The chromatin and single-cell transcriptional landscapes of CD4 T cells in inflammatory bowel disease link risk loci with a proinflammatory Th17 cell population.

Abstract

The imbalance between Th17 and regulatory T cells in inflammatory bowel diseases (IBD) promotes intestinal epithelial cell damage. In this scenario, T helper cell lineage commitment is accompanied by dynamic changes to the chromatin that facilitate or repress gene expression. Here, we characterized the chromatin landscape and heterogeneity of intestinal and peripheral CD4 T cellsfrom IBD patients using in house ATAC-Seq and single cell RNA-Seq libraries.
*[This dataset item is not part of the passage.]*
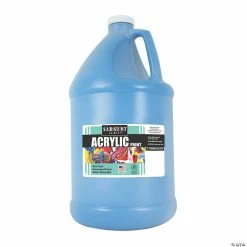 Discount 🛒 Sargent Art® Acrylic Paint, Turquoise, 64 oz Bottle 👏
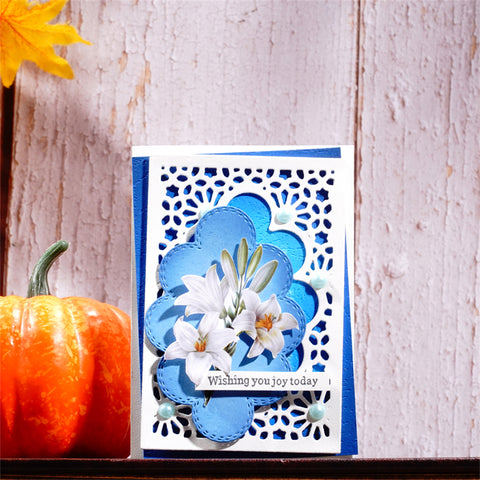 Inlovearts Hollow Cloud Background Board Cutting Dies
We show that chromatin accessibility profiles of CD4 T cells from inflamed intestinal biopsies relate to genes associated with a network of inflammatory processes. After integrating the chromatin profiles of tissue-derived CD4 T cells and in-vitro polarized CD4 T cell subpopulations, we found that the chromatin accessibility changes of CD4 T cells were associated with a higher predominance of pathogenic Th17 cells (pTh17 cells) in inflamed biopsies. In addition, IBD risk loci in CD4 T cells were colocalized with accessible chromatin changes near pTh17-related genes, as shown in intronic STAT3 and IL23R regions enriched in areas of active intestinal inflammation. Moreover, single cell RNA-Seq analysis revealed a population of pTh17 cells that co-expresses Th1 and cytotoxic transcriptional programs associated with IBD severity. Altogether, we show that cytotoxic pTh17 cells were specifically associated with IBD genetic variants and linked to intestinal inflammation of IBD patients.